§ **WORK TO BE COMPLETED**:
Beginning with the line that contains "Picture/image of African Firefinch" in the material below, print each line exactly until the line that contains "Mackenzie Plains South Island" has been printed, then stop.
______________________________
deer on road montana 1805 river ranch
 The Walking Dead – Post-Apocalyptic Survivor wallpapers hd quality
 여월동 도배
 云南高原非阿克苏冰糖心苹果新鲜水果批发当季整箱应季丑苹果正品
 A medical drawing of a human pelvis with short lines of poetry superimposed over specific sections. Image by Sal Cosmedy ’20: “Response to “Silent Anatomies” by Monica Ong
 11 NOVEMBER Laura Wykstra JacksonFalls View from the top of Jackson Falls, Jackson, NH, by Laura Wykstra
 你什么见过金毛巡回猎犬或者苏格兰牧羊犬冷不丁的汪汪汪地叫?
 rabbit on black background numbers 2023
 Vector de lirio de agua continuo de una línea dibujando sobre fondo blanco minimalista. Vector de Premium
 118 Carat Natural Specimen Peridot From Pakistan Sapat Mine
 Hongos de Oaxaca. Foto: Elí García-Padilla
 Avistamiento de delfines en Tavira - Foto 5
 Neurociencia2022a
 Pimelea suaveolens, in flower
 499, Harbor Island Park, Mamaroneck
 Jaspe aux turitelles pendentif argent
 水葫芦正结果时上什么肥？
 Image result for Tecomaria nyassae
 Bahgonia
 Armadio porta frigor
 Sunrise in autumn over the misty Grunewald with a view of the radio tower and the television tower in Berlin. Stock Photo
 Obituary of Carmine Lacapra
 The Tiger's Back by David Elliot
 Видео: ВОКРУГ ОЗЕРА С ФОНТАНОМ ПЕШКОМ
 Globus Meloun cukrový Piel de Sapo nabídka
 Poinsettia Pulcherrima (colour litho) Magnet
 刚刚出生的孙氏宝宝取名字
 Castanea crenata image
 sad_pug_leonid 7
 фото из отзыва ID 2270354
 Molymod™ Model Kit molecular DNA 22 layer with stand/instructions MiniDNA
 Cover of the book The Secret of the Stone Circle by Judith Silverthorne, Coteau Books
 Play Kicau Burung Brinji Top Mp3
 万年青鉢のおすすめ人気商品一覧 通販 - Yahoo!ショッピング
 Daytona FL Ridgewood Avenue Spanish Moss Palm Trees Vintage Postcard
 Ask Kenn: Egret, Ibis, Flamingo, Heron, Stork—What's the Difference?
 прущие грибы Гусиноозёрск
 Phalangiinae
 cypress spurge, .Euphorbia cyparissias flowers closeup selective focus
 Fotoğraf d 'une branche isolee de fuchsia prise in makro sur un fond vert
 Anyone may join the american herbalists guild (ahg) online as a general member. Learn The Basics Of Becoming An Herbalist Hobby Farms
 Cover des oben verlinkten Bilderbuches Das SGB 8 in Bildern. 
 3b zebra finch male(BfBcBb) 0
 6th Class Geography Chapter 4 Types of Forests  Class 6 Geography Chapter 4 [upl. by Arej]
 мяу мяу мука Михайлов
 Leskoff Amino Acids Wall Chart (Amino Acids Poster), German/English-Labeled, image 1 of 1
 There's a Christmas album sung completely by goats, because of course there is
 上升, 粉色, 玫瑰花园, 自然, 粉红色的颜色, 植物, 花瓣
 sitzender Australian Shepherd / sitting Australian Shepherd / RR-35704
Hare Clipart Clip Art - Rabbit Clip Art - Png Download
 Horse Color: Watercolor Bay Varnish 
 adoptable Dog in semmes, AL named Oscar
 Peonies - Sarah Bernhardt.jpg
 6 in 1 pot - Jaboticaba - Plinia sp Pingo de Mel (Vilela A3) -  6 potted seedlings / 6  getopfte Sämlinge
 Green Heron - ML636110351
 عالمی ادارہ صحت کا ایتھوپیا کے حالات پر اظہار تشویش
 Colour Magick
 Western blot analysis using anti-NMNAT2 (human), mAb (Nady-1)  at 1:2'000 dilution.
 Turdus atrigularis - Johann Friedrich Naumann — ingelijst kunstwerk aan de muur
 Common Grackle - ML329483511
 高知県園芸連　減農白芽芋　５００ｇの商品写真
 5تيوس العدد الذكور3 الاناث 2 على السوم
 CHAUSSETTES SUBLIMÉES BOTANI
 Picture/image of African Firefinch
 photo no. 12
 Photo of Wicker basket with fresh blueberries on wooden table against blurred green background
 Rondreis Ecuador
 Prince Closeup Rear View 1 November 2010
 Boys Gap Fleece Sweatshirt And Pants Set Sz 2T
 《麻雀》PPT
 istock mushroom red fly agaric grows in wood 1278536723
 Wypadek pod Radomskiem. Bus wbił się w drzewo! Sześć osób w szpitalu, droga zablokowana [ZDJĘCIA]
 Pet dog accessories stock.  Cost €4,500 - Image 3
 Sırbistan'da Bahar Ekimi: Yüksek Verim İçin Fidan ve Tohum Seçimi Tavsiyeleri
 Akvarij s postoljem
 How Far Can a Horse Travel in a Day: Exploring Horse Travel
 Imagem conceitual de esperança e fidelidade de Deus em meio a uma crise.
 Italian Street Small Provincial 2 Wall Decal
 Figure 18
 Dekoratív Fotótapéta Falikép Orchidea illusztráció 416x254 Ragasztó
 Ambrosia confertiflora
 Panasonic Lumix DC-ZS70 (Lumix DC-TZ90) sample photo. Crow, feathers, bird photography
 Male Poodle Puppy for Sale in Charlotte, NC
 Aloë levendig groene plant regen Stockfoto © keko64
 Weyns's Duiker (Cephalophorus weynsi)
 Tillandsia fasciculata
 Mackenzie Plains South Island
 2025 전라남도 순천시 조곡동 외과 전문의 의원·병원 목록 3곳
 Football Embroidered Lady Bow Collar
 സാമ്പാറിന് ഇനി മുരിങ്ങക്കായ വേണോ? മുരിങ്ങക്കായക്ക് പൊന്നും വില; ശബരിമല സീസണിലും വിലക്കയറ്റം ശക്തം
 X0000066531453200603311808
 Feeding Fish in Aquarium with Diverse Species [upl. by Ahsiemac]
______________________________
§ **YOUR RESPONSE**:
 Picture/image of African Firefinch
 photo no. 12
 Photo of Wicker basket with fresh blueberries on wooden table against blurred green background
 Rondreis Ecuador
 Prince Closeup Rear View 1 November 2010
 Boys Gap Fleece Sweatshirt And Pants Set Sz 2T
 《麻雀》PPT
 istock mushroom red fly agaric grows in wood 1278536723
 Wypadek pod Radomskiem. Bus wbił się w drzewo! Sześć osób w szpitalu, droga zablokowana [ZDJĘCIA]
 Pet dog accessories stock.  Cost €4,500 - Image 3
 Sırbistan'da Bahar Ekimi: Yüksek Verim İçin Fidan ve Tohum Seçimi Tavsiyeleri
 Akvarij s postoljem
 How Far Can a Horse Travel in a Day: Exploring Horse Travel
 Imagem conceitual de esperança e fidelidade de Deus em meio a uma crise.
 Italian Street Small Provincial 2 Wall Decal
 Figure 18
 Dekoratív Fotótapéta Falikép Orchidea illusztráció 416x254 Ragasztó
 Ambrosia confertiflora
 Panasonic Lumix DC-ZS70 (Lumix DC-TZ90) sample photo. Crow, feathers, bird photography
 Male Poodle Puppy for Sale in Charlotte, NC
 Aloë levendig groene plant regen Stockfoto © keko64
 Weyns's Duiker (Cephalophorus weynsi)
 Tillandsia fasciculata
 Mackenzie Plains South Island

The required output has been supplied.